You can think of an art-generating AI as sitting along a spectrum from medium, to collaborator, to fellow artist. All of these are real things, but none of them have obviated the need for artists – rather, they’ve created new opportunities and new methods for art. At one end of the spectrum, these AI tools are media: you can use them to perform unexpected but quasi-mechanical actions, eg using Ostagram’s system to combine two images you made or chose to form something new. (NB that this system takes the objects from one image and tries to render them in the style of the other; a rich source of ideas) Further along, the AI may be suggesting, responding to your choices, interacting with you – that is, working together to create a work that neither of you would have made on your own. And at another extreme, an AI may be making art entirely on its own.

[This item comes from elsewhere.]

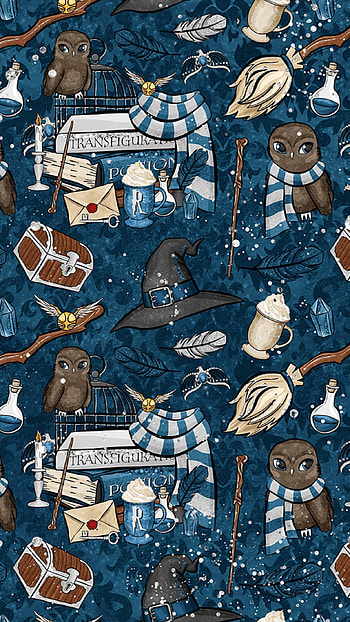 Ravenclaw . -**REIDE**- Harry Potter, Hogwarts, Libros, Harry Potter Halloween HD phone wallpaper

All of these things have happened several times before. Photography did not obsolete painting, but it did have a profound influence on the visual arts, create new kinds of artist, and also created entirely different things like “photojournalists” and “selfies.” Photoshop, even with tremendously sophisticated filters, likewise didn’t obsolete photography. It was certainly used to create junk, but as people learned to use it as a scalpel instead of an axe, it became a critical part of many artists’ toolboxes.

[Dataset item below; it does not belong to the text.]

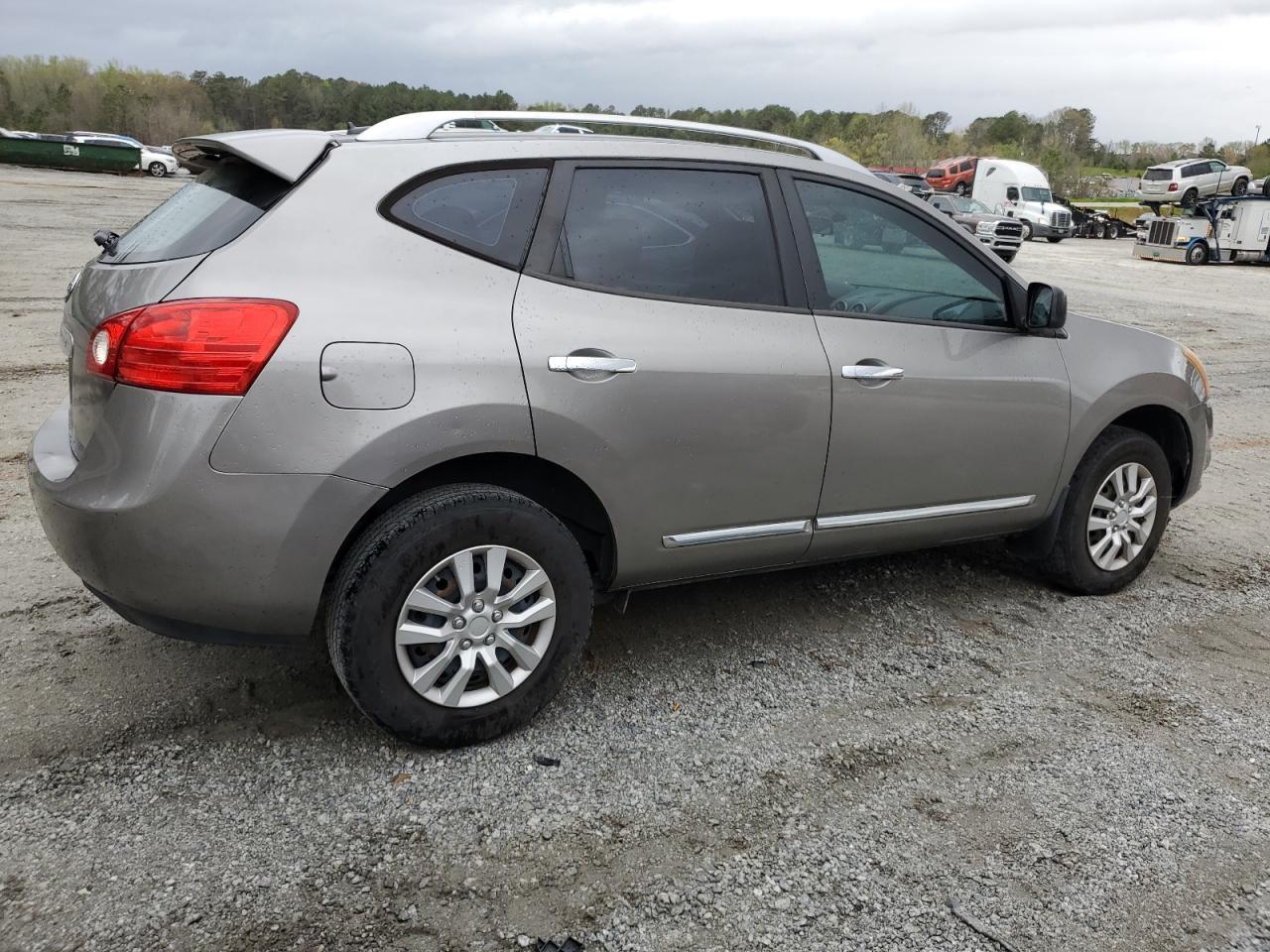 2014 NISSAN ROGUE SELE - Image 3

I think this is applicable to many fields where the objective isn’t to create or do one specific thing, but to engage in a dialogue with others. When the interaction itself is the fundamental thing, there’s no sense in which the computer “replaces” it; instead, it participates.
From a business perspective, it’s a little more complicated, but again not trivial. One can think of AI artists as more artists on the market, and perhaps there will be AI-created products which replace things that people use artists for today. (Much like demand for oil portraiture plummeted with the rise of cameras) But the work of two artists is not a substitutable good in most cases. The work created by AIs will often differ from the work of humans not in technical possibility, but in the choice of what to create: an AI would not create the same thing as a human, not because either couldn’t, but because the human and the AI are trying to communicate two different things – just like two human artists.
So I, for one, am not afraid that art will vanish or become the domain of computers alone. Rather, I’m looking forward to the extraordinary ideas of the next few decades, from both human and artificially intelligent creators.